The death of the discount?

Transactional loyalty will continue to play its part. Discounts and points are familiar, easy to understand and still very effective at bringing people through the door. But they’re no longer the driver of long-term loyalty. They act as the starting point – our research shows that 69.8% of consumers join loyalty programmes primarily for rewards, discounts or cashback. Metrics will remain important for tracking impact, including reward redemption and adoption rates, repeat purchases, incremental sales, customer lifetime value, and churn reduction. These offer a rounded view of what’s working and where the programme needs to change.

Emotional loyalty will matter just as much. The most effective strategies will be the ones that build connection. Gamification, badges and challenges help with this, as does the rise of community features such as point pooling or family accounts. Experiential rewards also have a huge amount of untapped potential, whether that’s behind-the-scenes visits, event access or brand-aligned opportunities that competitors can’t replicate.

Value taking on a new meaning

Value perception in 2026 will hinge on immediacy, ease and relevance. Customers will continue to join for money-saving benefits and free services such as shipping, but they will judge value by how smoothly a programme fits into their lives and how personal the interactions feel.
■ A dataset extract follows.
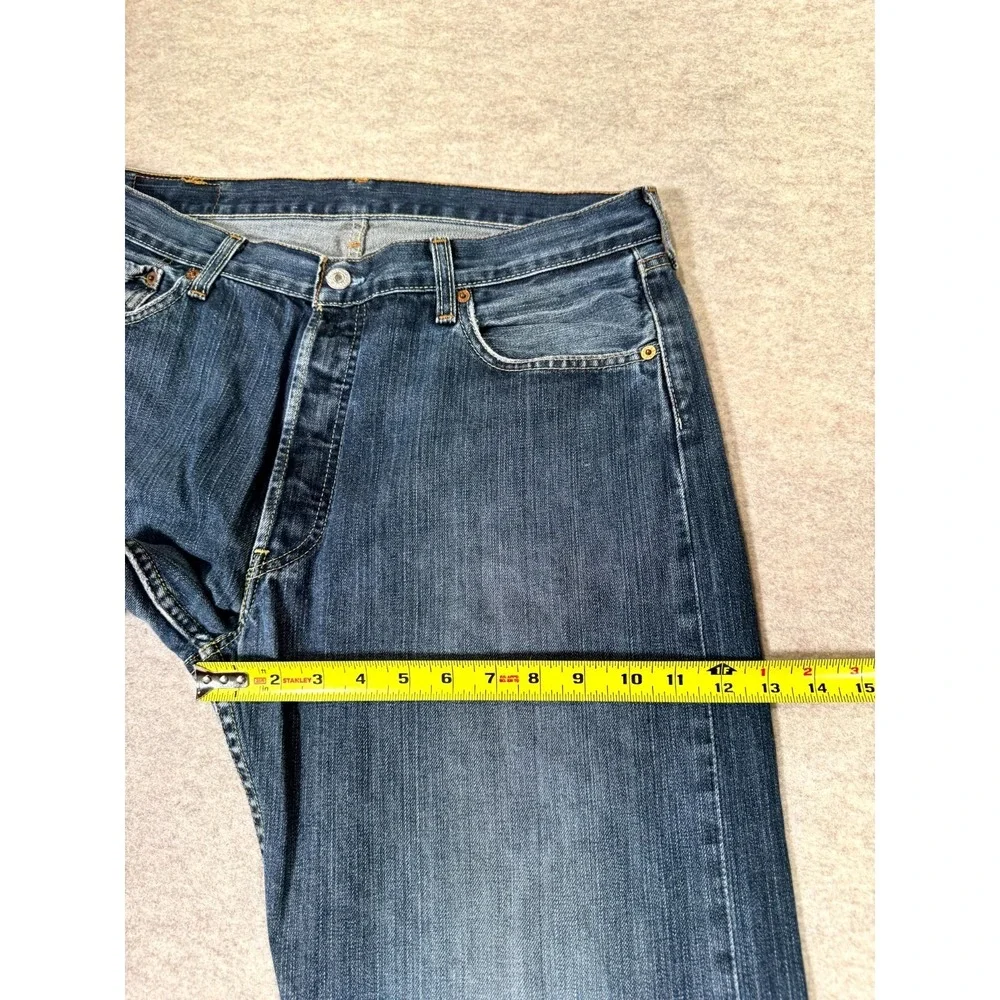Levis‎ 501 Original Fit Straight Jeans Mens 36x32 Blue Denim Cotton Medium Wash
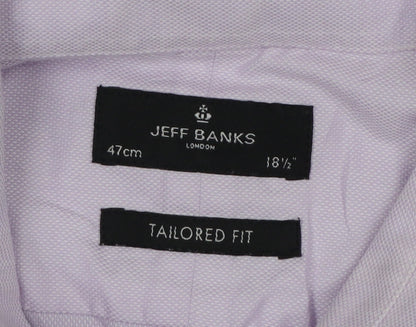 Jeff Banks Men’s Pink 18.5 Tailored Fit Cotton Formal Dress Shirt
Looking ahead, the bolder predictions feel entirely plausible. Loyalty could become a universal layer across retail, with new forms of coalition programmes that stretch beyond the Nectar model and feel more like a streaming platform for rewards. Technology and human interaction will intertwine, with AI helping retailers become more accurate, more predictive and ultimately more personal. For any retailer planning now, the advice is simple. Keep evolving. Refresh rewards and themes, strengthen data foundations and don’t be afraid to let AI do the heavy lifting so imagination has room to grow.